Best-Laid Plans: Real World Implementation of Home Visiting Programs
Home visiting programs have rapidly expanded across the country as an evidence-based policy choice for supporting families with young children, but selecting an evidence-based model is not a guarantee of effectiveness. Implementation is a key determinant of whether or not children and families benefit from home visiting programs. Careful monitoring of whether the program implementation adheres to the program’s original design and purpose (i.e., model fidelity) is critical to ensuring that the program yields the range of outcomes observed in the randomized controlled trials, but to date, there is little research on how to achieve quality on-the-ground implementation.
Method
This paper presents analyses of both quantitative and qualitative data from the evaluation of the Texas Home Visiting Program (THV) to analyze how the characteristics of the families being served make implementation with fidelity difficult. THV, funded through the Maternal, Infant, and Early Childhood Home Visiting program (MIECHV), aims to ensure that Texas children ages zero to five in high-need communities are healthy and prepared for school. THV is currently implementing 24 home visiting programs in seven communities that serve more than 2,200 families.
Results
Analyses of demographic data show that THV is successfully targeting the high-risk Texan families that were required by MIECHV. The majority of families are low-income with a significant proportion living in poverty. Most are young, Hispanic females. The risk factors (e.g., poverty level, teen pregnancy, history of child abuse) that make families eligible for the home visiting programs are the same factors that make them incredibly difficult to recruit, serve, and retain. THV staff described their families’ many and often very basic needs (including food, housing, and heat) as the primary barrier to delivering their program with fidelity. These needs often have to be met before the actual program can be delivered. Home visitors try to slip the curriculum in while also assisting their families or they forego the curriculum all together and double-up at the next visit. The many needs of their families also make it challenging for home visitors to provide families with the required dosage of the program. Frequent and last-minute cancellations along with changing phone numbers make it difficult for home visitors to conduct visits with their clients.

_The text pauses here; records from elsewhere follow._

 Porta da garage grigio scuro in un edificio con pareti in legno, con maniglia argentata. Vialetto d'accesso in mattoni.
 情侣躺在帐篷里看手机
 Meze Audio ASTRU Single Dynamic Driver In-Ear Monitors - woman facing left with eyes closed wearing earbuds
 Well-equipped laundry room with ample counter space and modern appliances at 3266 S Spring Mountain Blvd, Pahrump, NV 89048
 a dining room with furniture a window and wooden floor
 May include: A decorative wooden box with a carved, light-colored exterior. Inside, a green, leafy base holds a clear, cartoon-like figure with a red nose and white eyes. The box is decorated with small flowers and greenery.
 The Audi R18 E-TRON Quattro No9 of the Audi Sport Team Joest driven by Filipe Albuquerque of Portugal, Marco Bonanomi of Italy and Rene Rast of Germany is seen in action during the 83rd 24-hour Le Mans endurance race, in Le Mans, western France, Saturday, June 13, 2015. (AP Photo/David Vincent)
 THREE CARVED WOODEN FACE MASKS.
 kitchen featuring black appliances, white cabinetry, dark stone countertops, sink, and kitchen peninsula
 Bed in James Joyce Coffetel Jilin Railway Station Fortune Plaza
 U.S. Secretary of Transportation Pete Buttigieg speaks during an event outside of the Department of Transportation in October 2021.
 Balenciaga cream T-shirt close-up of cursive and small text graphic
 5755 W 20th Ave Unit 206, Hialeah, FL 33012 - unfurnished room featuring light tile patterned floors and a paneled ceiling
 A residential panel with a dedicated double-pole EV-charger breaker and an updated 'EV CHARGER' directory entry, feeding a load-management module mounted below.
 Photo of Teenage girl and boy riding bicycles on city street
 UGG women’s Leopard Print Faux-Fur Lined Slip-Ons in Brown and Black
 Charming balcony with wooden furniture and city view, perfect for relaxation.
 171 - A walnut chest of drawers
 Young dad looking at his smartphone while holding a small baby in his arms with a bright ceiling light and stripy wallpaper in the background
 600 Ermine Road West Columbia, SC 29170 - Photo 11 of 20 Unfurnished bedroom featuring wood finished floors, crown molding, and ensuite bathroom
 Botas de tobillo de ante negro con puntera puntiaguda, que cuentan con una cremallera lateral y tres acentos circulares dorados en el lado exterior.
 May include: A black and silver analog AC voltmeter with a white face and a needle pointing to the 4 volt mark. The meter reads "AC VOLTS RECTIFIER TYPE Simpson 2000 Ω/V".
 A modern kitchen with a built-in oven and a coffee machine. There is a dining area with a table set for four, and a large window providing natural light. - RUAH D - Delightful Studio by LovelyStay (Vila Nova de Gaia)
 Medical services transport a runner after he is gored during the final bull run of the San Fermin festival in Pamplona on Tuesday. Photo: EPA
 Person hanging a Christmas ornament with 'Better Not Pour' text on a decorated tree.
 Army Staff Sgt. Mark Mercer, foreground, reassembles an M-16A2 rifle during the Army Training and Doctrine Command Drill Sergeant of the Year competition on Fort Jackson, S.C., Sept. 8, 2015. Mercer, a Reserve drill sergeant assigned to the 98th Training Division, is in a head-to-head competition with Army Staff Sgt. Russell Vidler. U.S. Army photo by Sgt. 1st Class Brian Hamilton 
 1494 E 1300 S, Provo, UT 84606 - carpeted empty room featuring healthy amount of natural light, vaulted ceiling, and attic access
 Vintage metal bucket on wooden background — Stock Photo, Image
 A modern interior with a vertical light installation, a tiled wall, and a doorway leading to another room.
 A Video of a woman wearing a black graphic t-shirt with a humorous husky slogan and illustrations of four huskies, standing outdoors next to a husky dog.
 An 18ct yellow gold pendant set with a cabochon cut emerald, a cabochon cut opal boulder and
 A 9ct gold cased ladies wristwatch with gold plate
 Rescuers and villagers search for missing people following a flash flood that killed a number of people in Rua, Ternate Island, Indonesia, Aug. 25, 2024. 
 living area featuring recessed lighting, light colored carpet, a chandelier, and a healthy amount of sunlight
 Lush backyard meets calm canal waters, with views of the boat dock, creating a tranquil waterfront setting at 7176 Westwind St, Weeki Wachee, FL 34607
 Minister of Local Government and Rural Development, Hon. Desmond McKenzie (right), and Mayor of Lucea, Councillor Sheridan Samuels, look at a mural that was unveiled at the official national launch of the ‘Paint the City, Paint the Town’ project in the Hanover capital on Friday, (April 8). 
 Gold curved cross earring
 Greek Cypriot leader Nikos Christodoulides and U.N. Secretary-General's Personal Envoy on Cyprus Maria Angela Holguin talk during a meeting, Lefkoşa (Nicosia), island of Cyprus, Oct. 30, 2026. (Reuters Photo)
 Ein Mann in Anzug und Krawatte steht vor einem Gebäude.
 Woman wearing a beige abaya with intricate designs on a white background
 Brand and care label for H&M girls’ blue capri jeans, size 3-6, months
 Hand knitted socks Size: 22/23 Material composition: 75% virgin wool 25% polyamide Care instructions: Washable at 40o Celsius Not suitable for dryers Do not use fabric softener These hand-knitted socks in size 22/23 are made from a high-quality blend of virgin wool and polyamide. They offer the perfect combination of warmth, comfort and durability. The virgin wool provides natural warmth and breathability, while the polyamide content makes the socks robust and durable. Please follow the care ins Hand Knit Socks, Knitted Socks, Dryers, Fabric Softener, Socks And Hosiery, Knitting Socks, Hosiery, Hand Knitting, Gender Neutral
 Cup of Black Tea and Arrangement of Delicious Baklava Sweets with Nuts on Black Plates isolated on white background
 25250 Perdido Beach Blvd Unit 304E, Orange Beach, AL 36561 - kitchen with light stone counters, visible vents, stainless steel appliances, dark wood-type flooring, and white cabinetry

Conclusions and Implications
Implementing home visiting programs with fidelity requires serving the intended population and doing so while adhering to the program’s original purpose and design. Evidence from the on-going evaluation of THV suggests that serving the high-risk families who are eligible for the program creates a significant implementation challenge because the risk factors that make families eligible for a program also make it difficult for home visitors to fully deliver the program. Additional research needs to be directed toward identifying the core components of home visiting programs so that home visitors can prioritize delivering the parts of the program that are critical for improving outcomes for families and children in the midst of their families’ needs.